[Collected data]
--*--

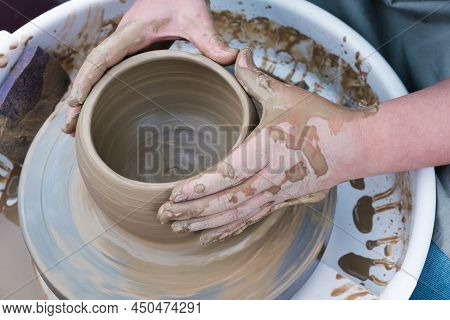 Close Up Hands Working On Pottery Wheel And Making A Clay Pot, Selective Focus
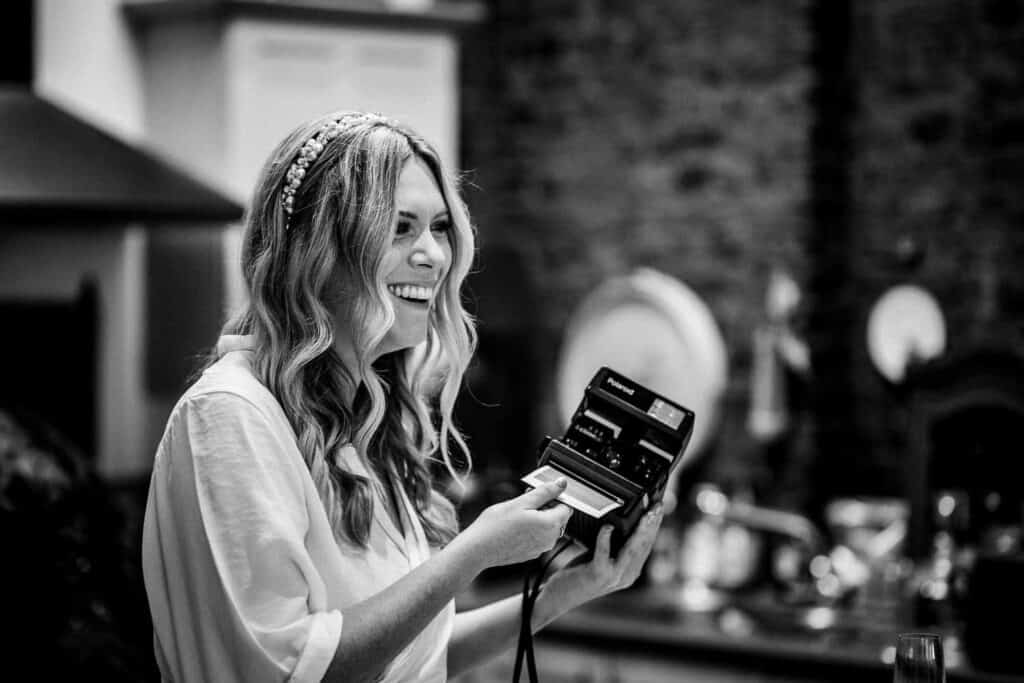 panna młoda podczas przygotowań ślubnych trzyma aparat Polaroid i uśmiecha się przed ceremonią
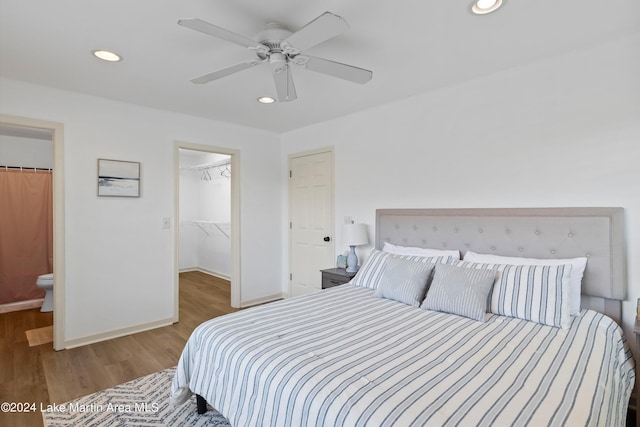 bedroom with hardwood / wood-style floors, ensuite bath, ceiling fan, a spacious closet, and a closet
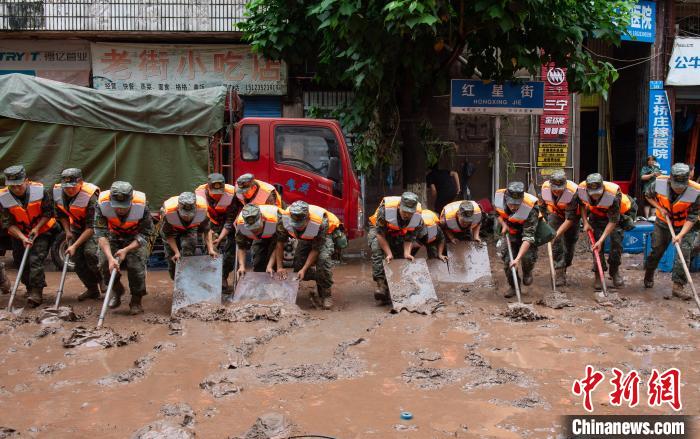 7月4日，萬州區(qū)五橋街道，武警官兵清理街道上的淤泥?！∪矫宪?攝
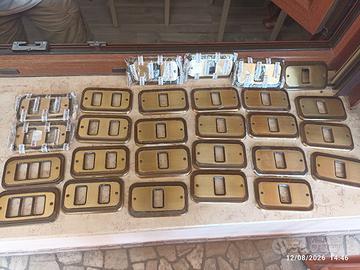 placche interruttori Mandelli in ottone, vintage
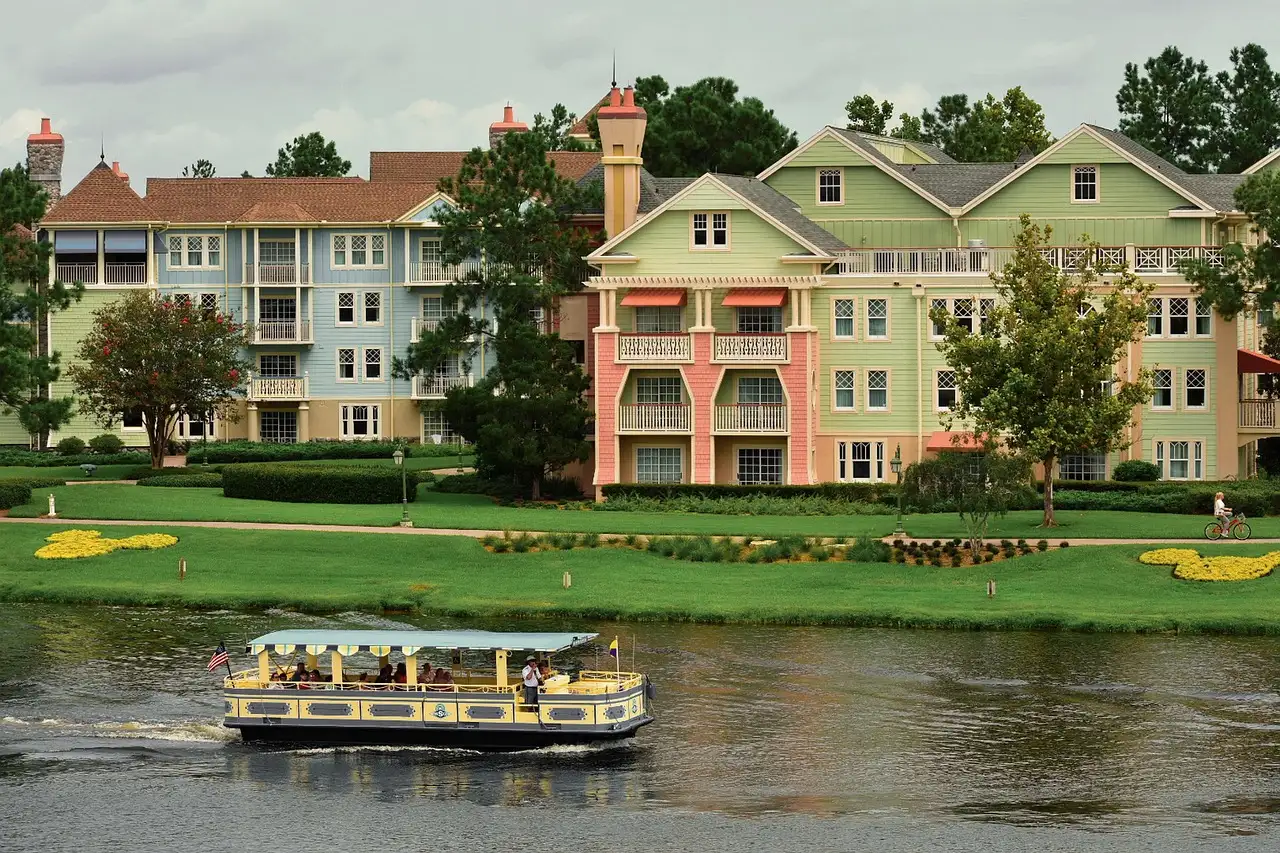 Pastel resort buildings on a lawn by the water near Disney Springs, with a small ferry boat passing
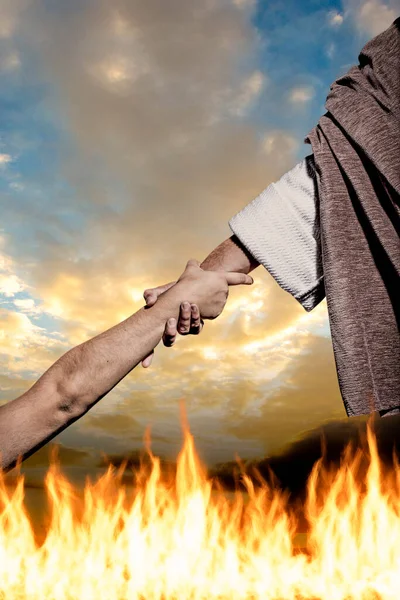 Hand of Jesus Christ giving helping someone to get out of the flames of hell. Background of fire and cloudy sky.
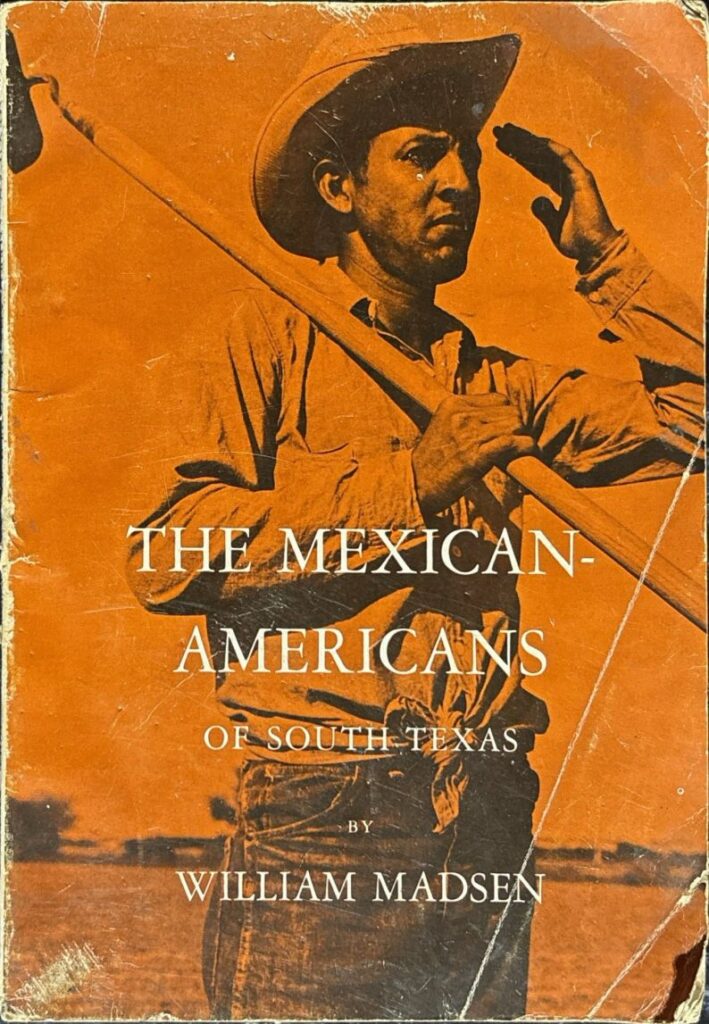 Book cover of The Mexican-Americans of South Texas, by William Madsen. The cover features a photograph of a man with a hat carrying long poles over his shoulder, with an orange background. The title and author's name appear in white.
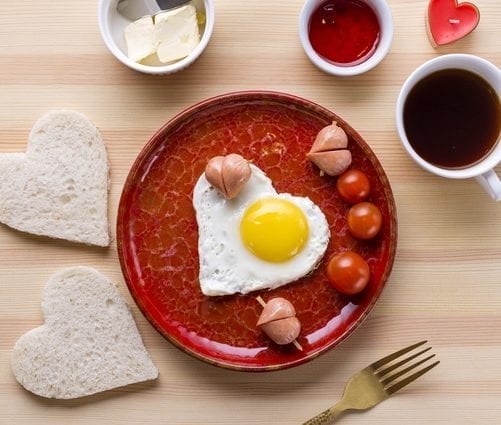 Romantic breakfast: heart-shaped egg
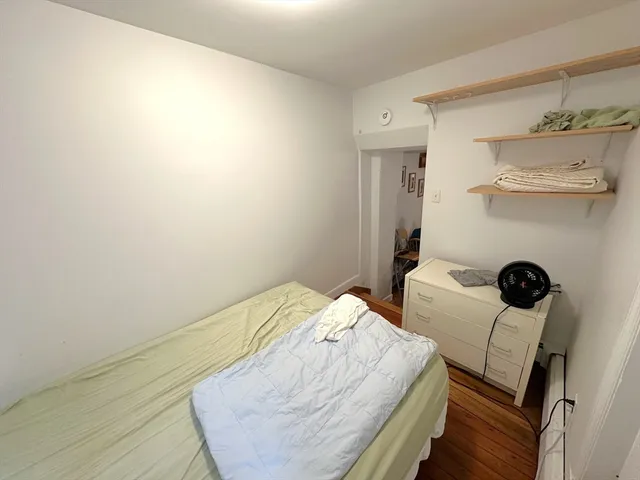 a bedroom with a bed and a table in it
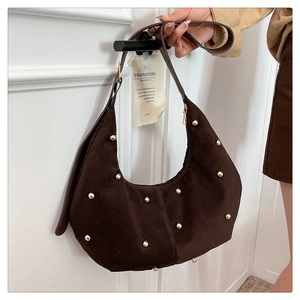 Detail of dark brown hobo bag featuring decorative gold rivets and suede-like fabric texture
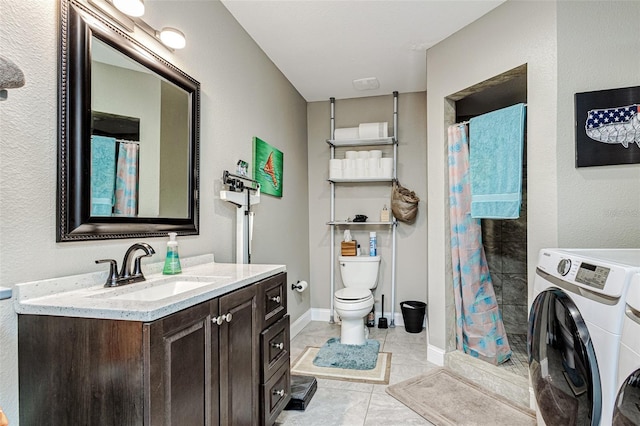 bathroom with independent washer and dryer, tile flooring, toilet, and oversized vanity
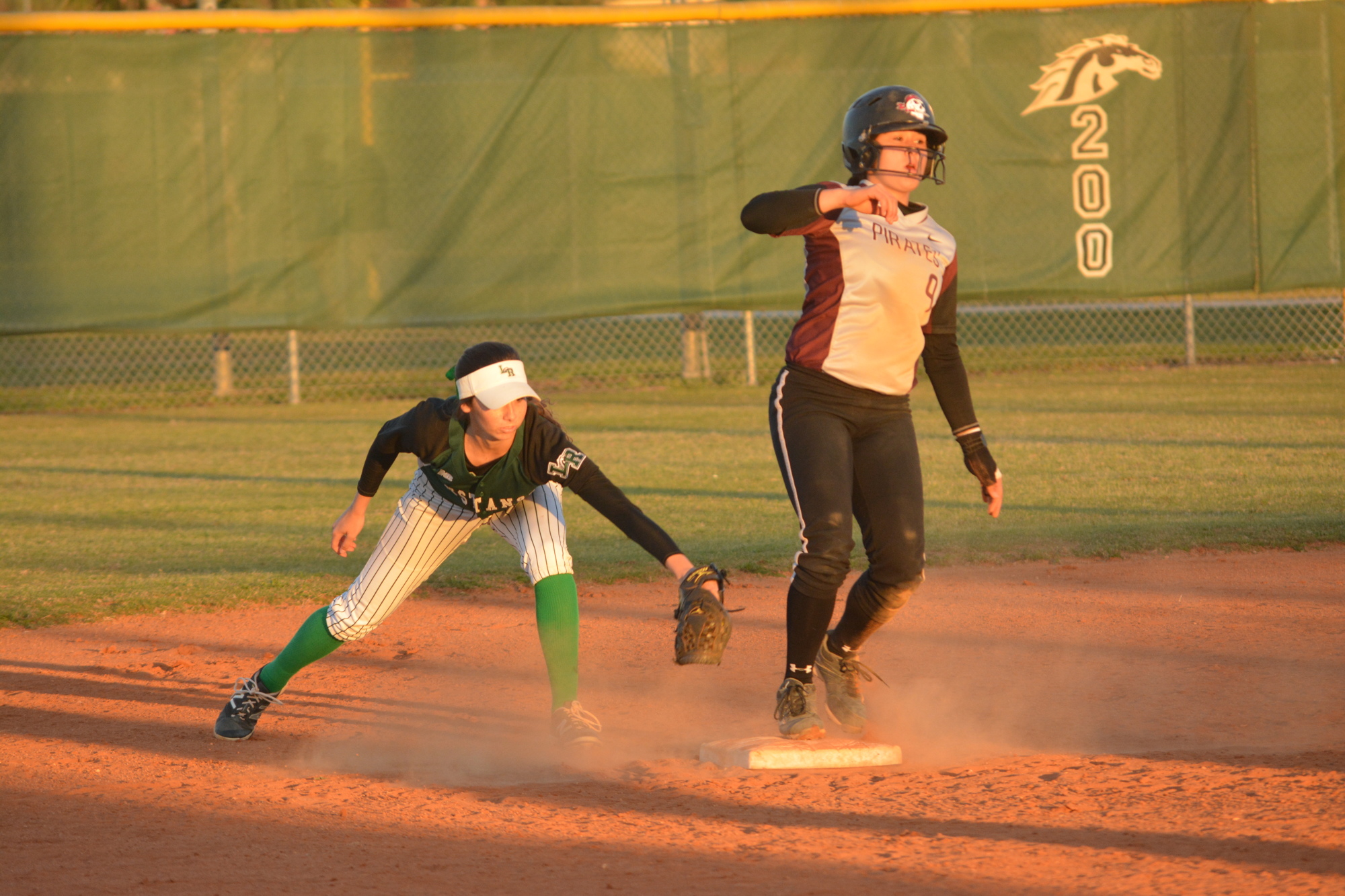 Lakewood Ranch's Denali Schappacher, now at UCF, tags Braden River's Myah Moy, who now plays at Rutgers University. Moy committed as a sophomore.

--*--

WHAT THE TASK ASKS> In the entries above, find the line with "bedroom with hardwood" and the line with "Pastel resort buildings". Write out exactly those two lines and every line between them, pictures excluded.

SOLVED EXERCISE>
 bedroom with hardwood / wood-style floors, ensuite bath, ceiling fan, a spacious closet, and a closet
 7月4日，萬州區(qū)五橋街道，武警官兵清理街道上的淤泥?！∪矫宪?攝
 placche interruttori Mandelli in ottone, vintage
 Pastel resort buildings on a lawn by the water near Disney Springs, with a small ferry boat passing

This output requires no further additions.